Unpopular Opinion? Ebert & Roeper? Who Cares...

We’re trying to figure out what all the fuss is about with the news that “Ebert & Roeper” are being replaced on their show because of contract disputes for two lesser nobody hacks. It’s a bit sad that yes, they’re having to leave their own show, but let’s look a tiny bit closer.

For one, Roger Ebert has been missing from the show for two years and he was never going to return due to his various cancer-related ailments (which are terrible and we feel extremely bad for the guy).

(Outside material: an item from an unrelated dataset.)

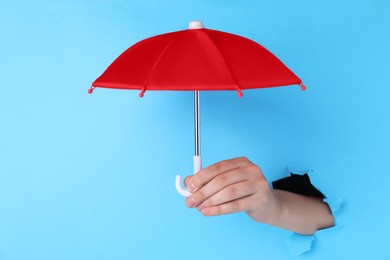 Woman holding open small red umbrella through hole in light blue paper, closeup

But Roeper never charted and we’re sorry, but Ebert lost it a long time ago, got soft and started endorsing all kinds of garbage he would have never given a second look to during his heyday. We loved the original “Siskel & Ebert” as much as the next guy, in fact, probably more. We grew up on it and in the pre-internet, information-readily-available everywhere days, it was a formative source in our movie-going experience as kids and totally essentially watching. Our friends would actually call each other after episodes to discuss what the two of them had said, argue intensely over their thoughts or compliment when they brought down the hammer on someone we felt deserved it. Those guys ripped could be brutal, they weren’t afraid to rip people new assholes and some of the candid talk that came out of their mouth was so damn refreshing, incisive and sharp. The duo were cranky and cantkerous in the best of ways. They didn’t tolerate a mediocre film and we adored them for it. The way the two would dismiss one another and give it sly cheap shots before moving to the next segment? GOD, that show was so good!

Roger Ebert: [during a review of the 1998 version of “Godzilla”] “Now that I’ve inspired a character in a Godzilla movie, all I really still desire is for several Ingmar Bergman characters to sit in a circle and read my reviews to one another in hushed tones.”

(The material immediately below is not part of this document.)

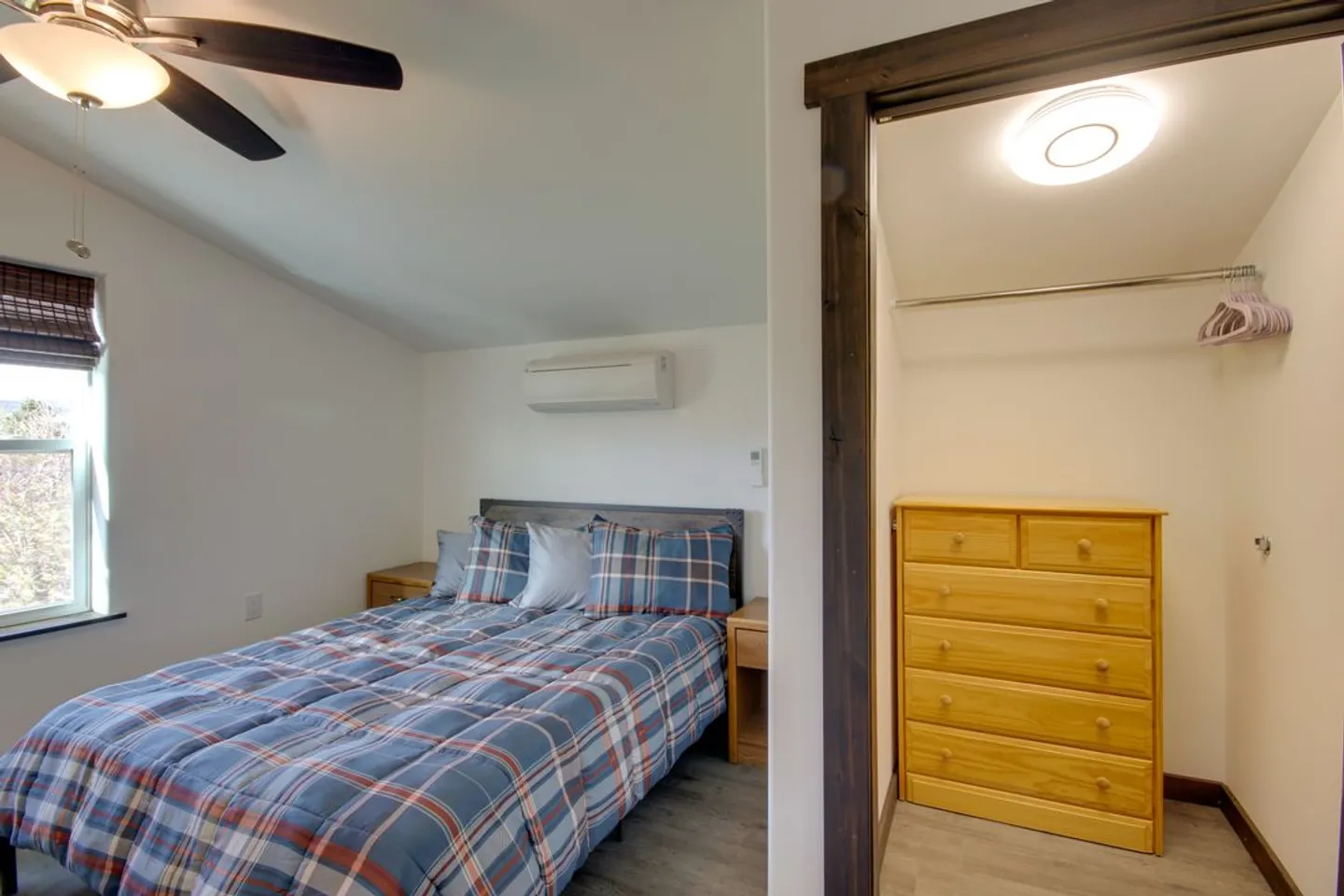 Bedroom with a bed made with blue plaid bedding, a ceiling fan, a window, and an adjacent walk-in closet with a wood dresser.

But no amount of nostalgia is going to change how much that show became more and more irrelevant in the last decade (that’s being conservative and nice). Ebert is still a fierce writer to be sure and a man to be respected, but his taste has gone to shit. Roeper was a guy we never observed. As for the changing of the guard? Out with the old and in with the new is nothing shocking these days, but it would be pause for concern had the show still had a pulse and had been relevant in the last 10-15 years. Frankly, we’re shocked people even care and we assume the reason people are making such a stink about it all is cause of the affection everyone has for Ebert, which we have to, but you’ve got to call a spade a spade…

This “Siskel & Ebert” outtake via Hollywood Elsewhere that shows the two boys arguing about McDonald’s is rather awesome and illustrates the kind of genuinely heated banter and rapport they had both on and off screen.

Getting into this a bit more. Do you remember when Gene Siskel left the show for brain surgery in 1998 and then returned to the show a few weeks later? Siskel passed away less than a year later (RIP), but when he did return to the show he was a shell of a man and looked and talked like he had been lobotamized. It was so damn sad and we stopped watching the show shortly thereafter (it didn’t help that the sickly Siskel started endorsing films that only a man recovering from brain surgery would enjoy). Poor guy. Well, this is the end of the balcony we guess, but when it was good, it was great.